Quanto pesa il vitalizio?
«Non lo so. Le cose che pesano sono altre. È uno degli aspetti; non può diventare il centro del dibattito. Il vitalizio non c’è più dalla scorsa legislatura: i deputati versano i contributi, come tutti. Se la legislatura arriva alla fine, prenderanno la pensione quando avranno 65 anni; altrimenti i soldi versati saranno loro restituiti. Bisogna fare chiarezza. Altrimenti il clima di calunnia genera aggressioni gravi».
Si riferisce a Osvaldo Napoli «arrestato» dai manifestanti all’uscita della Camera?

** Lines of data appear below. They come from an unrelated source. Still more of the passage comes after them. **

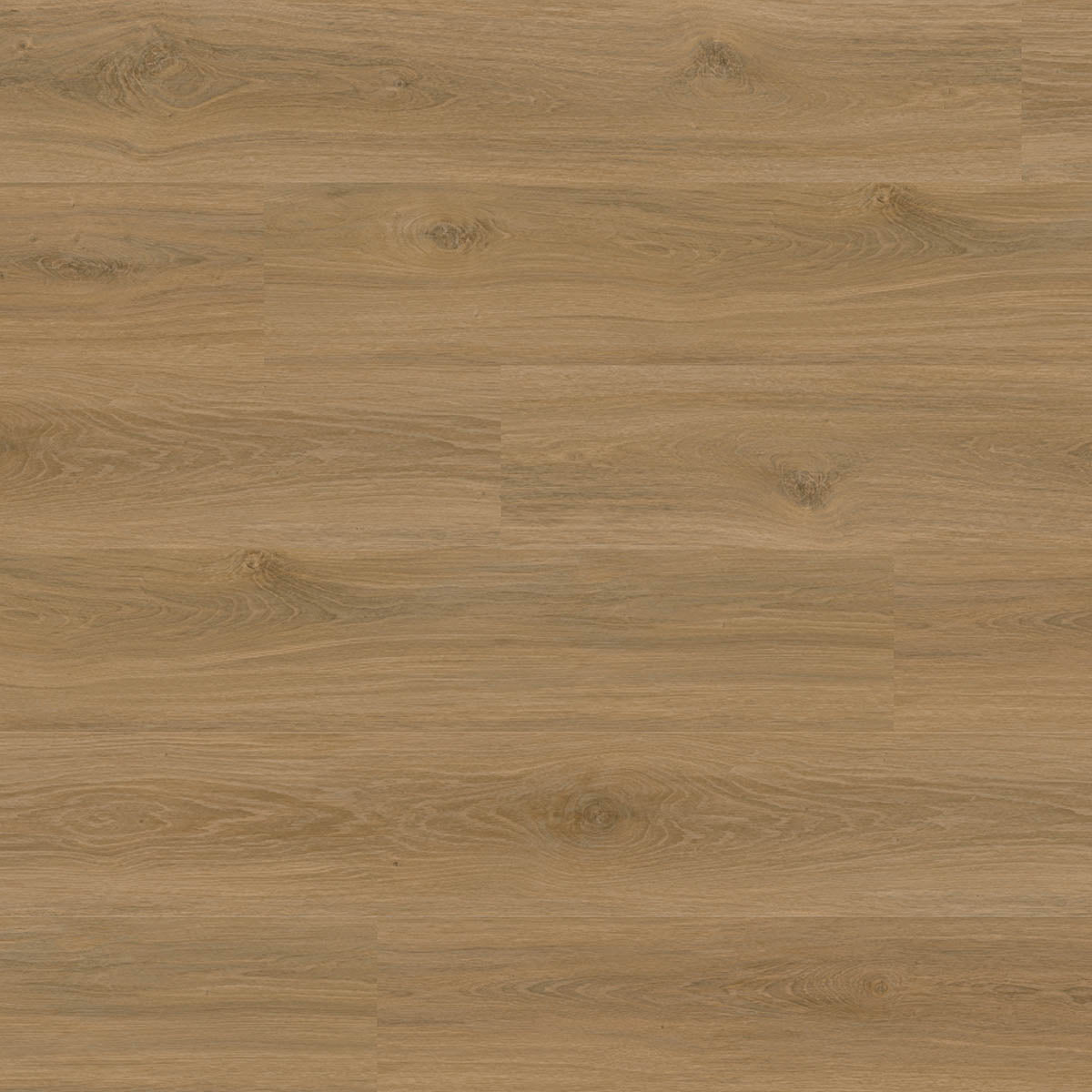 Aspecta IC55 Macadamia Plank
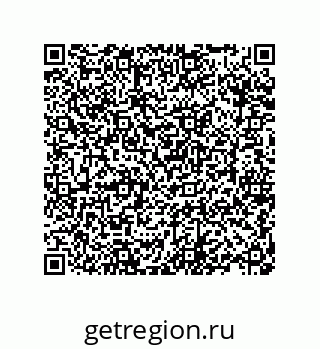 79373679187
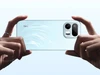 Realme 16T 5G lộ diện, pin 8.000 mAh có thể dùng đến 2 ngày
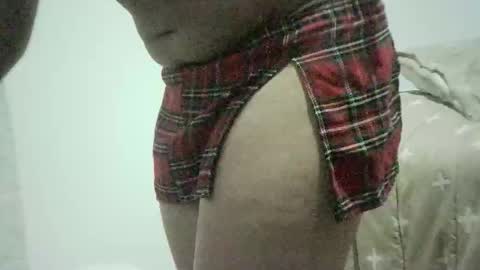 juligurlygirly online show from 11.02.25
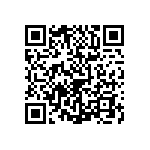 2220J5000390KCT QRCode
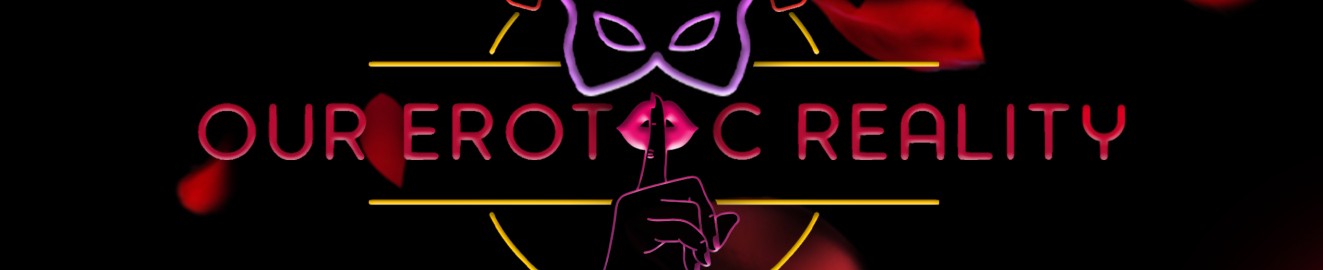 OurEroticReality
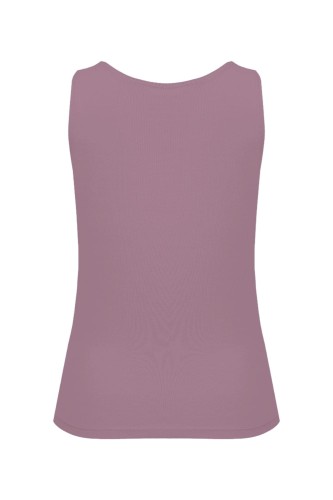 MIXY bez rękawków Grape Shake tył.jpg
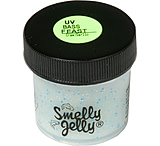 Image of Smelly Jelly UV Glitter Scent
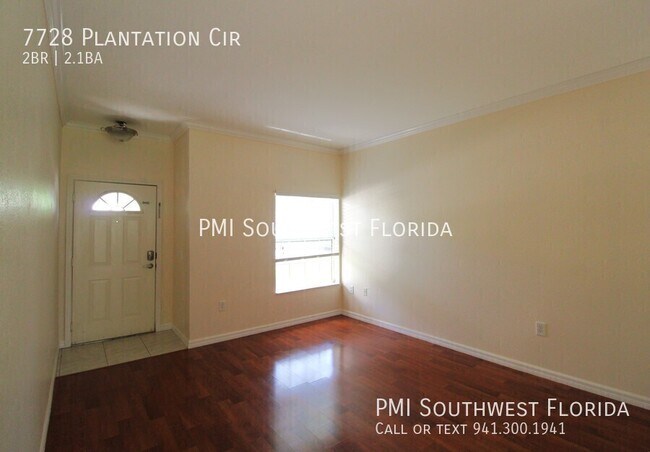 Building Photo - 7728 Plantation Cir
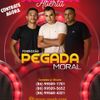 Foto de: FORROZÃO PEGADA MORAL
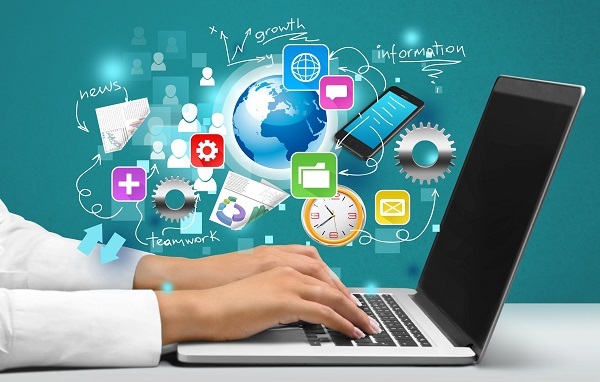 Ngành Công nghệ thông tin tại Úc vẫn chưa bao giờ “hạ nhiệt” - 1 Ngành Công nghệ thông tin tại Úc vẫn chưa bao giờ “hạ nhiệt” - 1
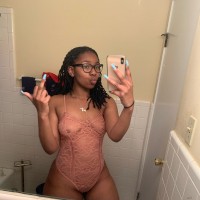 Realbrownsugaar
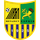 Металіст 1925 (жінки)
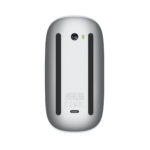 Magic Mouse (USB‑C) - White Multi-Touch Surface - Image 3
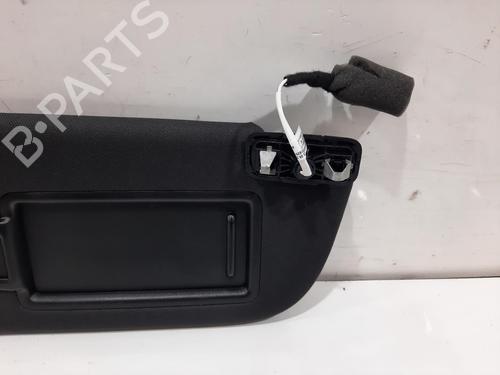 Other AUDI A6 C8 Avant (4A5) 50 TFSi e quattro | BP37157821O1 - Image 3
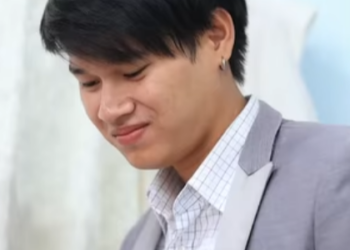 D1401194 สะด ดร กทายาทร อยล าน! (ละครส น) สามโคกฟ part2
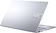 Ноутбук ASUS Vivobook 15X OLED K3504ZA-MA195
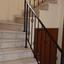 4 bedroom detached house for sale kato lakatamia nicosia 1668747 thumbnail 16169290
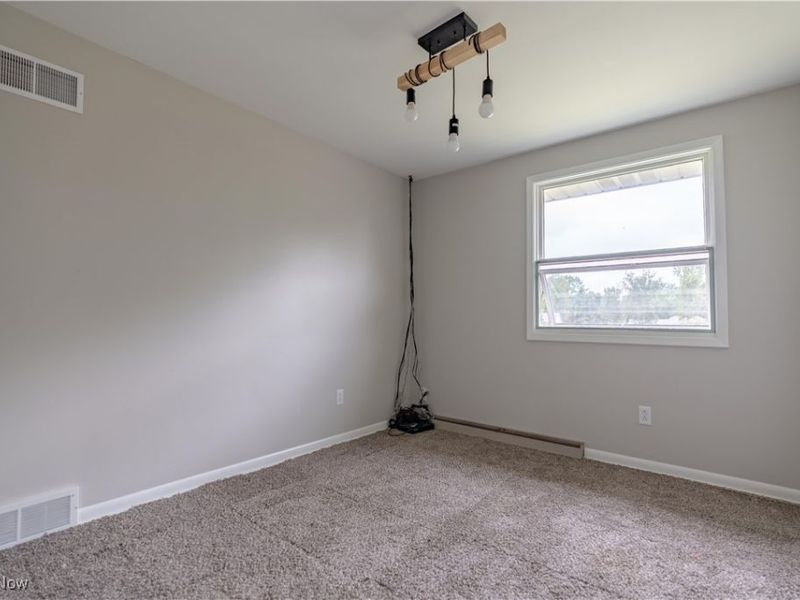 815 44th Street NE, Canton, OH 44714 Photo 23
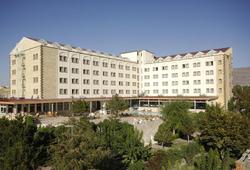 Dinler Hotels - Ürgüp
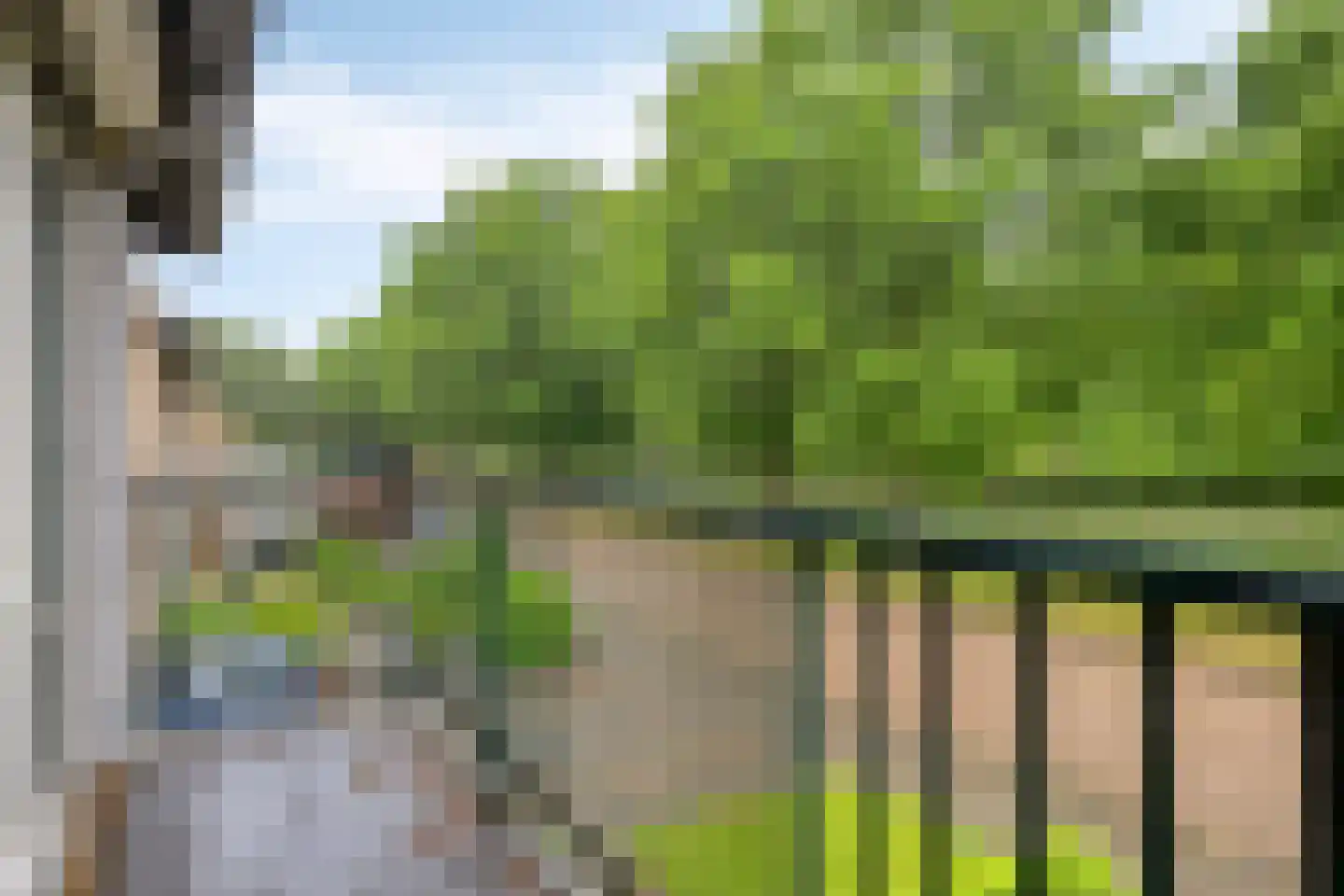 Eindhovenseweg 46 Best thumbnail 25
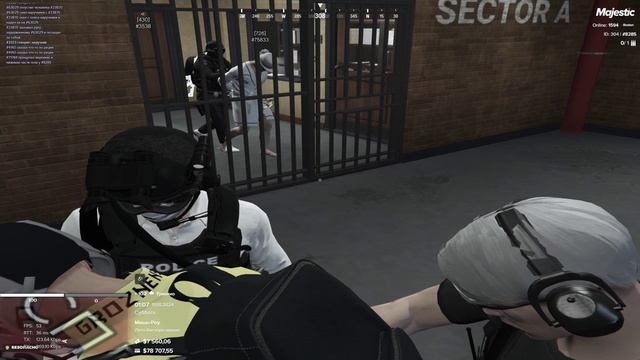 Мой Static : 8285, Static :3538 , Время : 01:07 - 19.10.2024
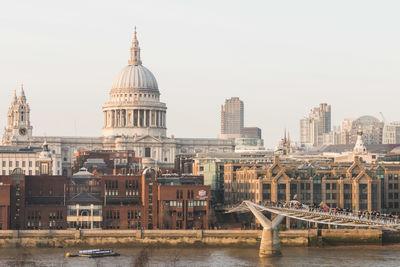 photos of London - Tate Modern
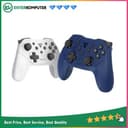 Fantech Shooter II WGP13 Gamepad - foto 1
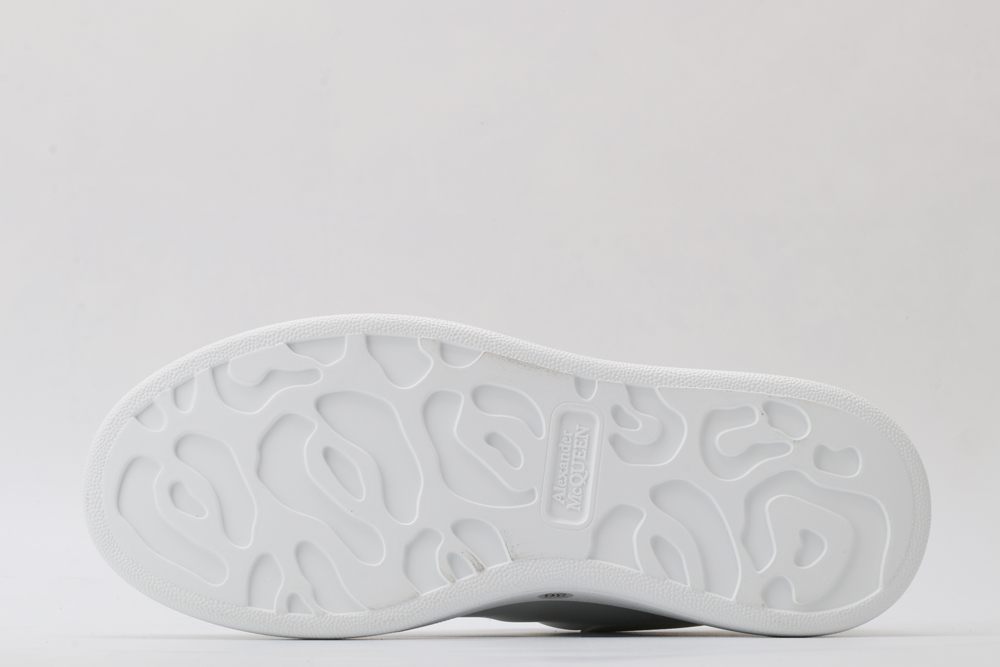 A*exander M*queen Sneaker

«Ho già espresso solidarietà a Napoli. Gentiloni l’ha detto in Aula: no alla violenza nel dibattito politico. E io aggiungo: no alle aggressioni via social network, no a una società inquinata dall’odio. Le bufale della rete non sono goliardate: sono menzogne decise a tavolino per sporcare le persone, per alimentare la rabbia popolare. Non possiamo lasciare soli i cittadini a gestire subire l’inquinamento della rete. Ho incontrato i vertici di Facebook, ho fatto richieste precise e continuerò a incalzarli».
Magari fossero solo menzogne. Non crede che questa legislatura non sia riuscita a dare il segno di una svolta nell’uso del denaro pubblico?
«Alla Camera, per la prima volta nella storia della Repubblica, abbiamo tagliato 270 milioni di euro e ridotto la spesa in modo consistente. Non è una quisquilia. È un segnale chiaro e forte di discontinuità».
La legge elettorale la farà la Consulta? O il Parlamento?
«Il Parlamento può iniziare a discutere. Ci sono varie proposte di legge, altre ne arriveranno. Ma certo non si potrà prescindere dalla sentenza della Consulta».
La entusiasma il ritorno al proporzionale?
«Non esiste la legge perfetta. Hillary ha avuto molti voti più di Trump, e ha perso. Bisogna trovare una sintesi tra due esigenze: rappresentanza e governabilità».
E il Mattarellum?
«È una base su cui ragionare. Una formula che di sicuro sarà all’attenzione del Parlamento».